Member of the Legislative Assembly of New Brunswick for Saint John Harbour Saint John South (1991-1995)
- In office September 23, 1991 – October 13, 2005
- Preceded by: John Mooney
- Succeeded by: Ed Doherty

Personal details
- Born: Elizabeth Jane Weir February 20, 1948 (age 78) Belfast, Northern Ireland, United Kingdom
- Party: New Brunswick New Democratic Party
- Alma mater: University of Waterloo University of Western Ontario
- Profession: Lawyer

= Elizabeth Weir =

Canadian lawyer and politician

Elizabeth Jane Weir (born February 20, 1948) is a Canadian lawyer and politician in New Brunswick. She was elected leader of the New Democratic Party of New Brunswick in June 1988 and became an opposition voice to the Liberal government, which held all 58 seats in the Legislative Assembly of New Brunswick.

Born in Belfast, Northern Ireland, Weir was educated at the University of Waterloo and the University of Western Ontario. She has taught at York University and the University of New Brunswick. Weir was first elected to the legislature in 1991 in the riding of Saint John South where she defeated Liberal John Mooney by only 78 votes. In 1995, the riding became Saint John Harbour and she was re-elected in 1995, 1999 and 2003. During that time, she was the sole New Democrat in the legislature.

In 2000, Weir released documents accessed under the Right to Information Act surrounding a $1 billion upgrade project for the Irving Oil Refinery being put in motion without being completely assessed for its environmental impact, suggesting that the government "ignored the public interest and pandered to big business."

At the 2003 federal NDP convention at which Jack Layton would be elected party leader, Weir sought the presidency of the federal party against re-offering incumbent Adam Giambrone. Midway through the convention, Giambrone and Weir decided to seek a co-presidency. Many delegates balked, especially at the assumption that they could push through a sudden constitutional change in a party often dearly concerned with internal process. The joint ticket was withdrawn, and Weir placed second after Giambrone and ahead of a candidate from the NDP Socialist Caucus.

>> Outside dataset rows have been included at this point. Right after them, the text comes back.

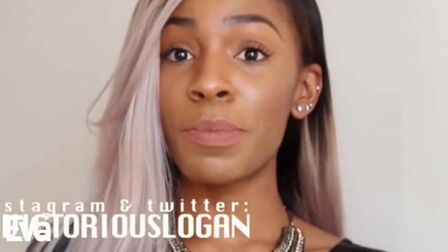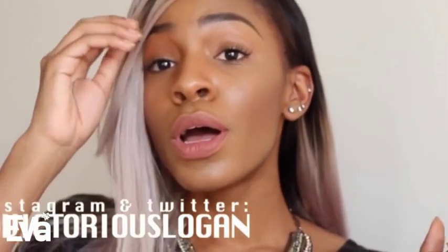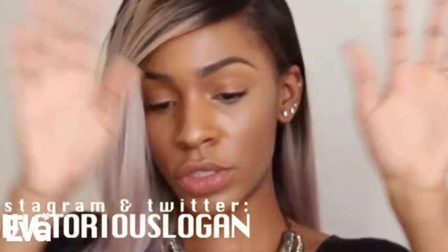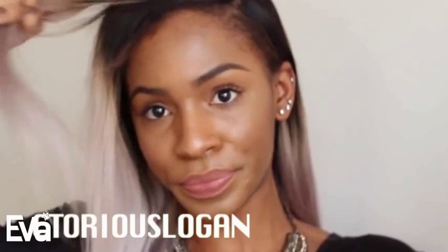Hey guys, welcome back to my channel. You may have seen I put a picture of this hair on my Instagram. I changed my Instagram name — it's now Victorious Logan to match my Twitter name, which is also Victorious Logan. So it's no longer Vicky Logan, just wanted everybody to know that in case there was some confusion.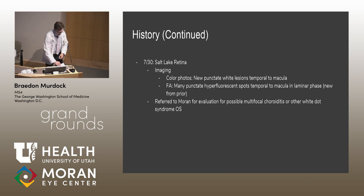At a week's follow-up, additional imaging showed new punctate lesions in the temporal region from the macula on color photos, and many punctate hyperfluorescent spots temporal to the macula on FA — changed from before. There was concern that Bactrim wasn't working, so she was referred here for evaluation for possible multifocal choroiditis or another white dot syndrome.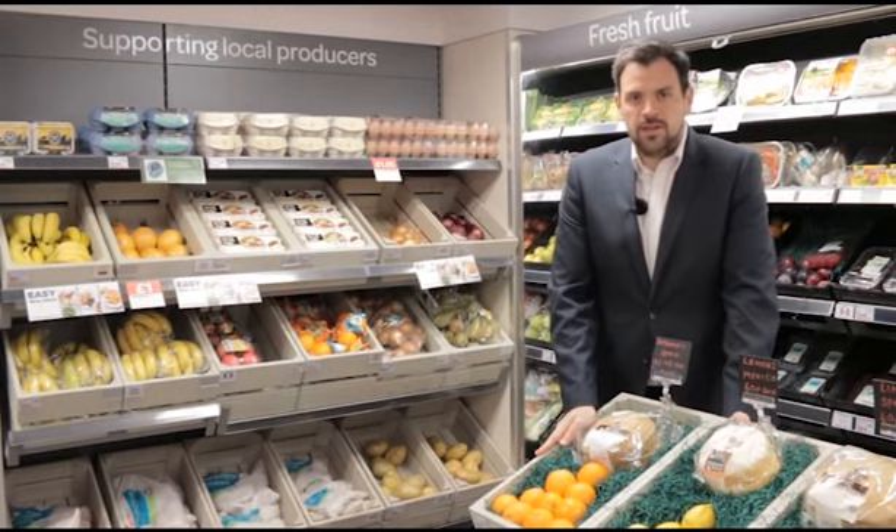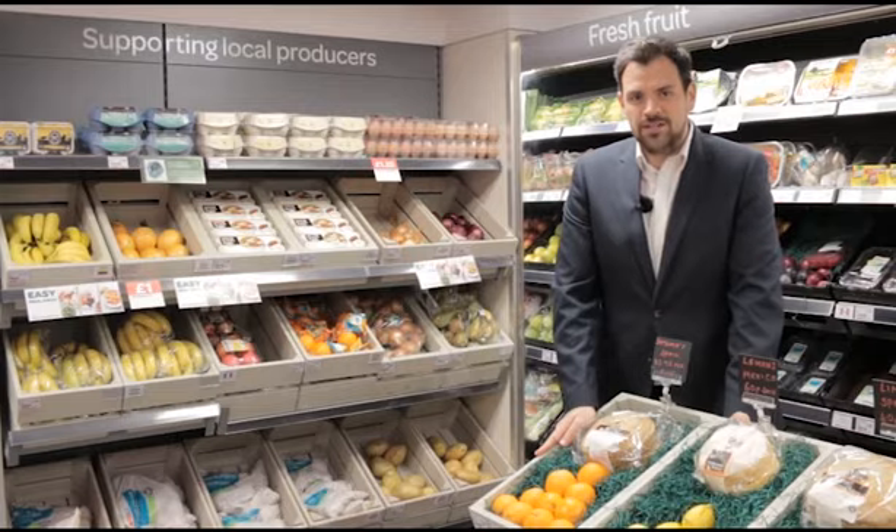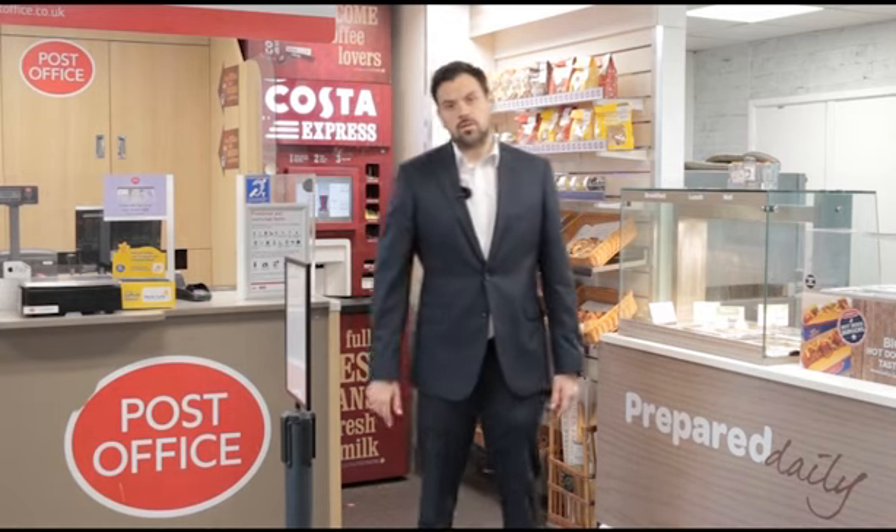First of all, invite them into your store, give them a tour and tell them about your business — how many people you employ, what you invest in, and what you do in the local community. When the candidates are in the store you can tell them about the things you've invested in, like a food to go offer or essential services you offer the community like the post office.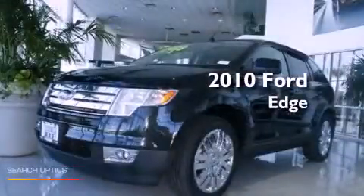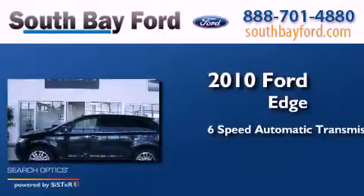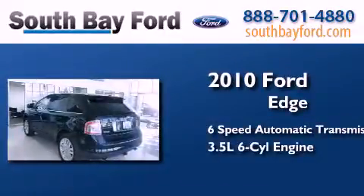This is a 2010 Ford Edge. This crossover has a six-speed automatic transmission and a 3.5-liter V6.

On October 8, 2004, Weir announced that she would be stepping down from the leadership of the New Brunswick NDP but would stay on until a successor was chosen. She also pledged to run for re-election to the legislature in the next general election; however, she eventually reversed this pledge. Allison Brewer was chosen as her successor at a September 2005 leadership convention and Weir resigned her seat from the legislature on October 13, 2005 to accept the appointment to be the first president and CEO of the new New Brunswick crown corporation the Energy Efficiency and Conservation Agency.

Weir was made a Member of the Order of New Brunswick in 2021.

Weir endorsed Alberta MP Heather McPherson in the 2026 New Democratic Party leadership election.